Machiavel, Discours sur la Première Décade de Tite-Live

Pour le plan du devoir: 
Première partie:  faire apparaître le sens du texte en partant de l'analyse des concepts et en suivant, en développant, l'analyse explicative donnée dans la page précédente.

Deuxième partie: faire apparaître l'intérêt du texte, en quoi il intéresse des problèmes très actuels comme la violence légitime et la violence naturelle qui se déchaîne dès que le droit disparaît. Pour Machiavel, des lois soumises aux caprices d'un Prince sont préférables à l'absence de lois: quel que soit son contenu, et Rousseau s'en souviendra, une loi par l'ordre qu'elle commande a un rôle pédagogique. elle force à "être libre" à dominer ses appétits, à faire son devoir non pas par devoir, mais par la peur.

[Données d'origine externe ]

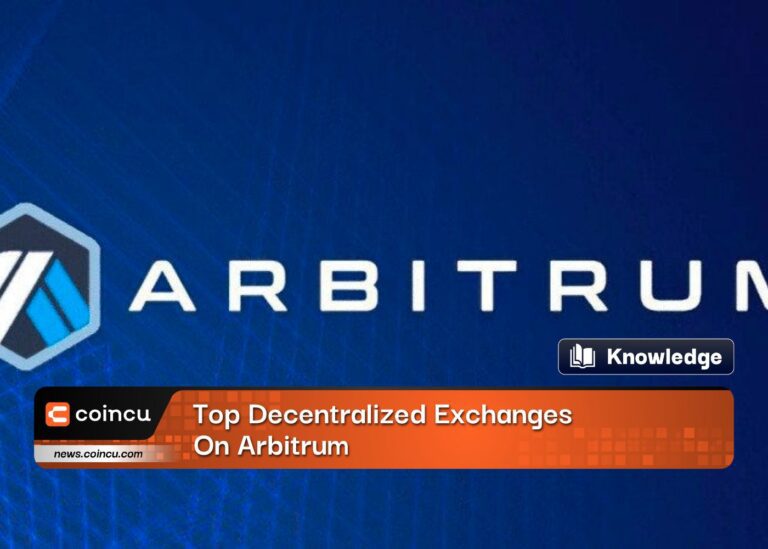 Top 5 Arbitrum Decentralized Exchange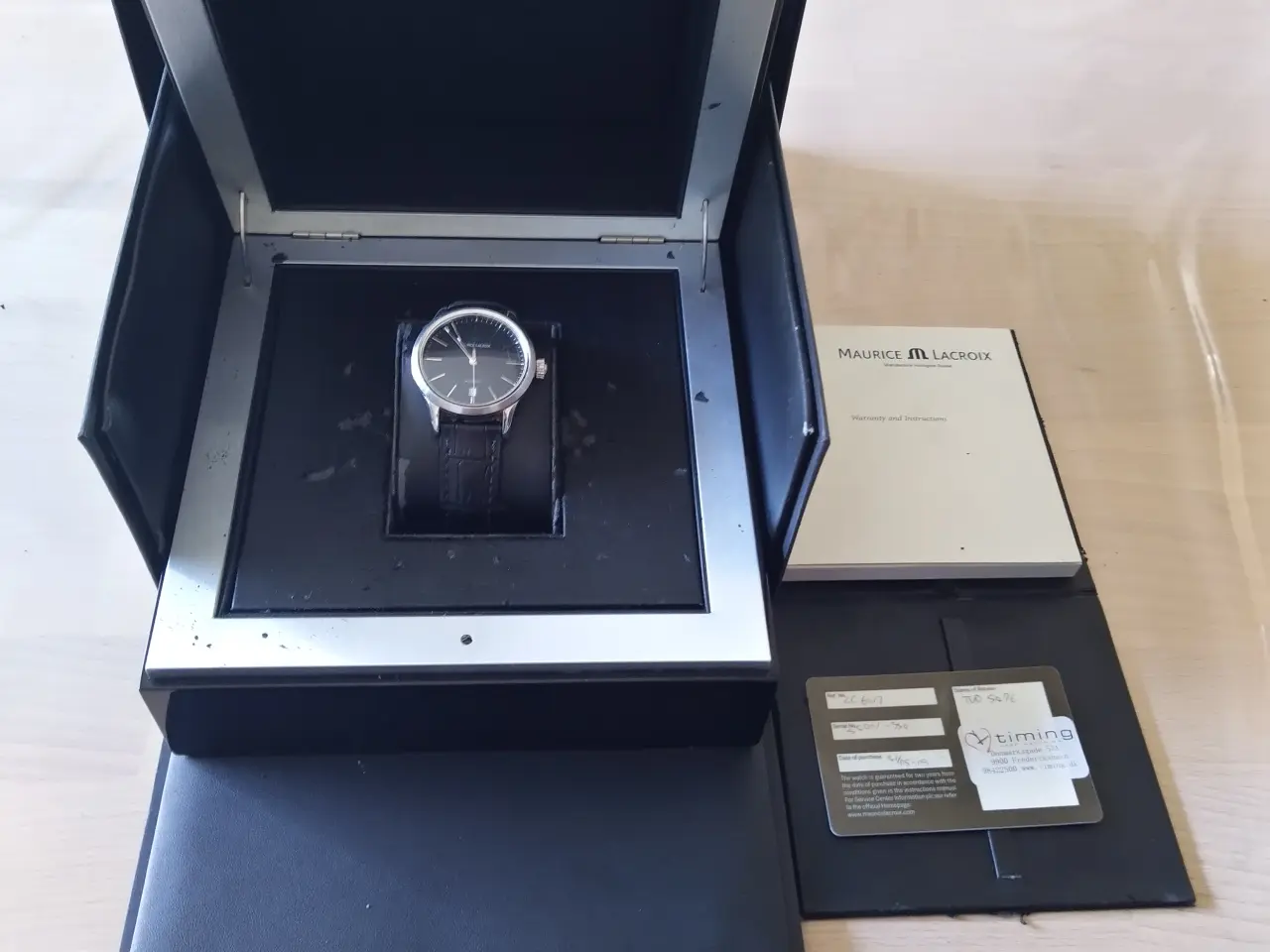 Billede 2 - Maurice Lacroix automatic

Machiavel nous intéresse parce qu'il veut ajuster son discours à ce qui est réel, à la pratique quotidienne et non à ce qui doit être, ce qui n'existe pas: dès que la force disparaît avec la mort du Prince ou son absence, le désordre s'installe et chacun témoigne par ses actes de l'impuissance de la morale devant les passions. Ce sont les passions qui sont source de progrès et non un devoir qui reste au ciel et ne descend pas sur terre, qui n'empêche personne de violer des qu'il n'est plus forcé à respecter son devoir par une puissance contraignante.

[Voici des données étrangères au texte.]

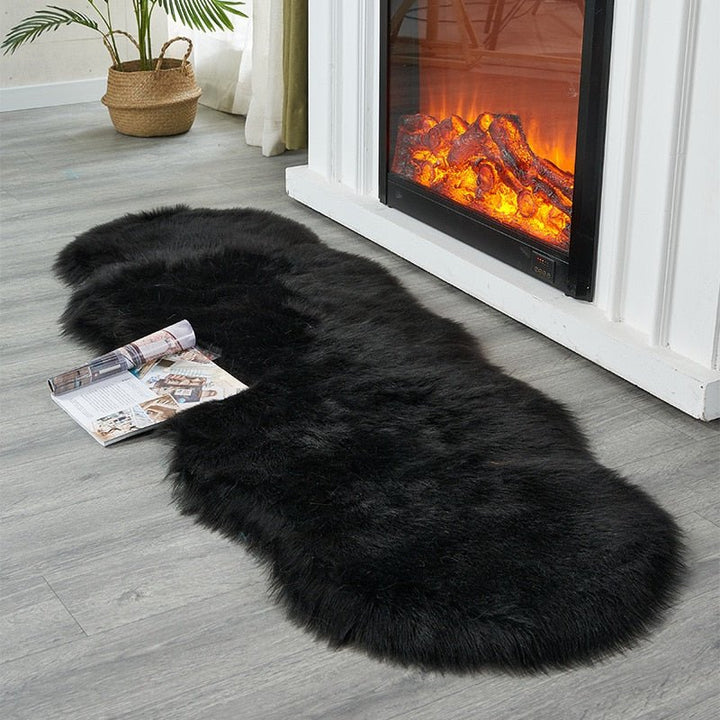 Herczog Eco-Friendly Shaq Rug, crafted from sustainable materials. Perfect for adding eco-conscious style and comfort to home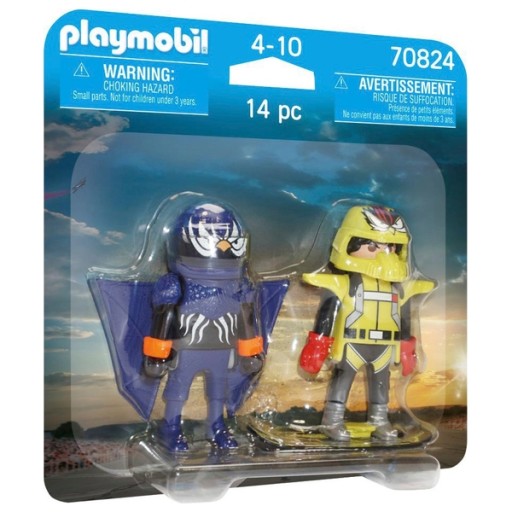 VZDUCHOVÉ STUNTY PLAYMOBIL 70824 DUOPACK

Troisième partie: Il est toujours possible de poser des questions à l'auteur, ce qui permet, au niveau terminales de ne pas critiquer des grands maîtres du passé.
Comment forcera-t-on ceux qui ne craignent pas la mort, qui la préfèrent à l'esclavage? Ne pourrait-on éduquer les citoyens qui obéissent à la loi qu'ils se sont prescrites, formant un peuple toujours prêt à défendre l'enceinte sacrée des lois?
Comment croire que d'un mal puisse jaillir un bien et que de la méchanceté puisse jaillir une obéissance librement consentie et non pas un semblant hypocrite d'obéissance, la fureur des passions étant toujours prête à se déchaîner, dès qu'on estime ne pas être vu: pas vu, pas pris!

Conclusion et élargissement: si la loi devient nécessaire c'est que l'âge d'or où les hommes faisaient le bien naturellement et donc avec une ardeur naturelle, cet âge d'or a disparu pour toujours.
Seule la violence du souverain peut alors réguler la violence du peuple ou du sénat.
Pour comprendre le problème politique, il faut toujours avoir dans l'esprit la méchanceté et les passions. Machiavel écrira "Quand il s'agit de contenir ses sujets dans le devoir, on ne doit pas se mettre en peine du reproche de cruauté ..." 

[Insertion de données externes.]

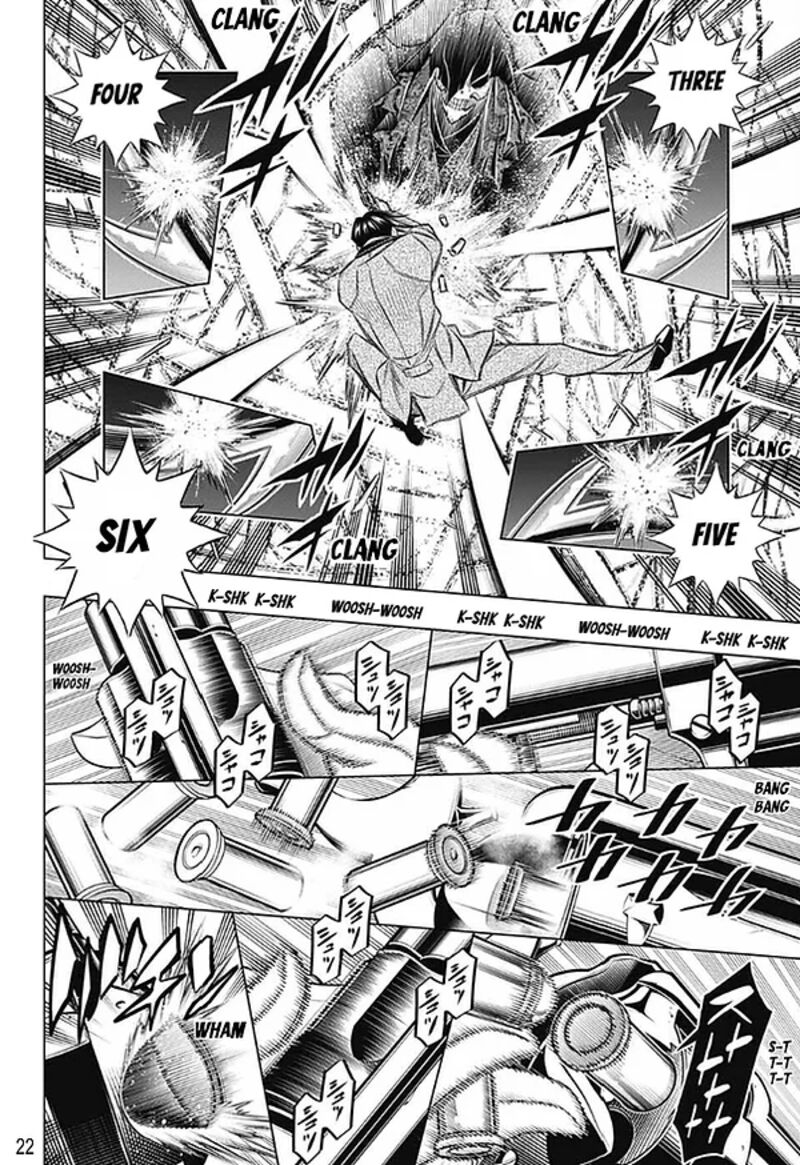 Rurouni Kenshin Hokkaido Arc Chapter 42 Page 21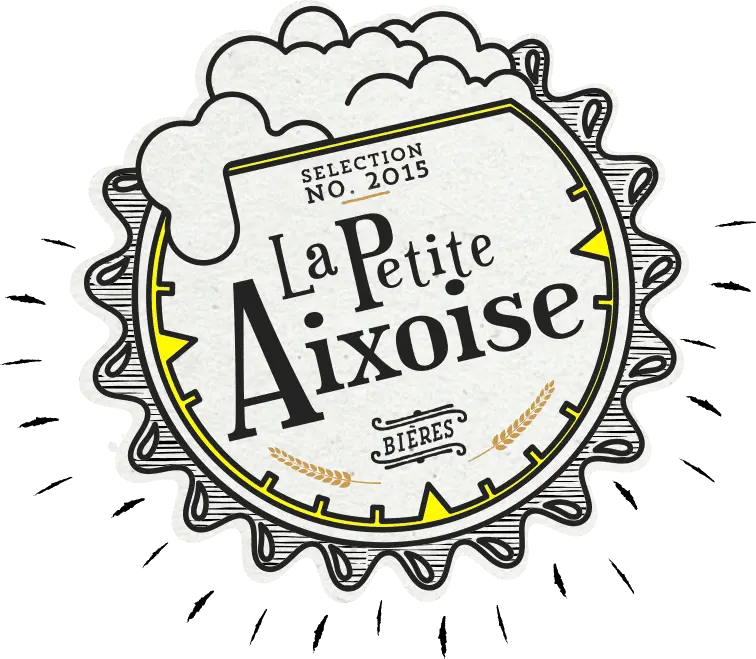Logo brasserie la petite aixoise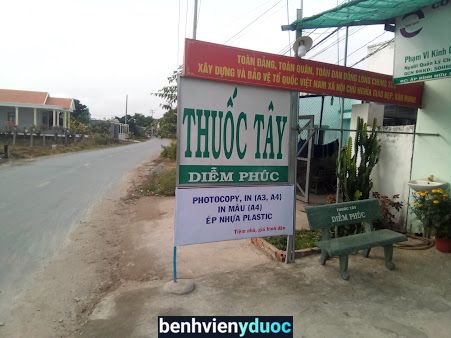 Thuốc tây Diễm Phúc Đức Hòa Long An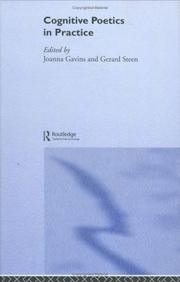 Cover of Cognitive Poetics in Practice by Joanna Gavins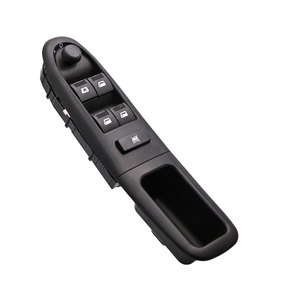Nouveau commutateur de lève-vitre électrique avant gauche/commutateur de régulateur pour Peugeot 406, fabriqué en plastique - Product Image 1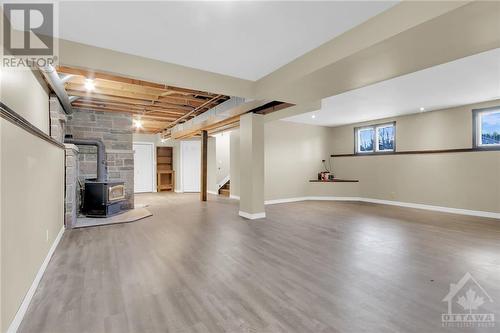 Basement Family room - 4715 Kelso Street, Prescott, ON - Indoor Photo Showing Basement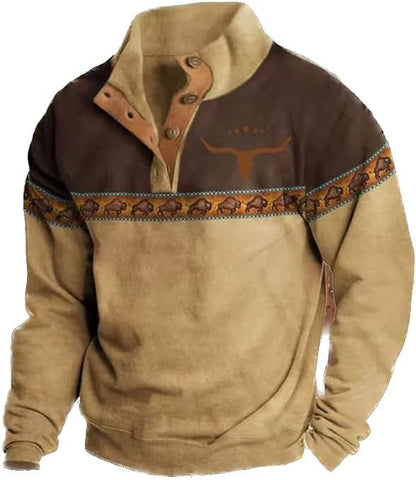 💥🔥【Horúci výpredaj】🔥【S-5XL】Hanorac casual cu imprimeu 3D, stil american de stradă, pentru toamnă și iarnă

On ne s'étonnera pas de voir Rousseau s'inspirer  librement de Machiavel et citer Le Prince dans le Contrat Social. Rousseau qui écrit dans Émile sur le rôle pédagogique des lois, quel que soit leur contenu, car elles relèvent de l'ordre, et qui affirme avec force que, quiconque refusera d'obéir aux institutions doit y être contraint "par tout le corps ... On le forcera à être libre.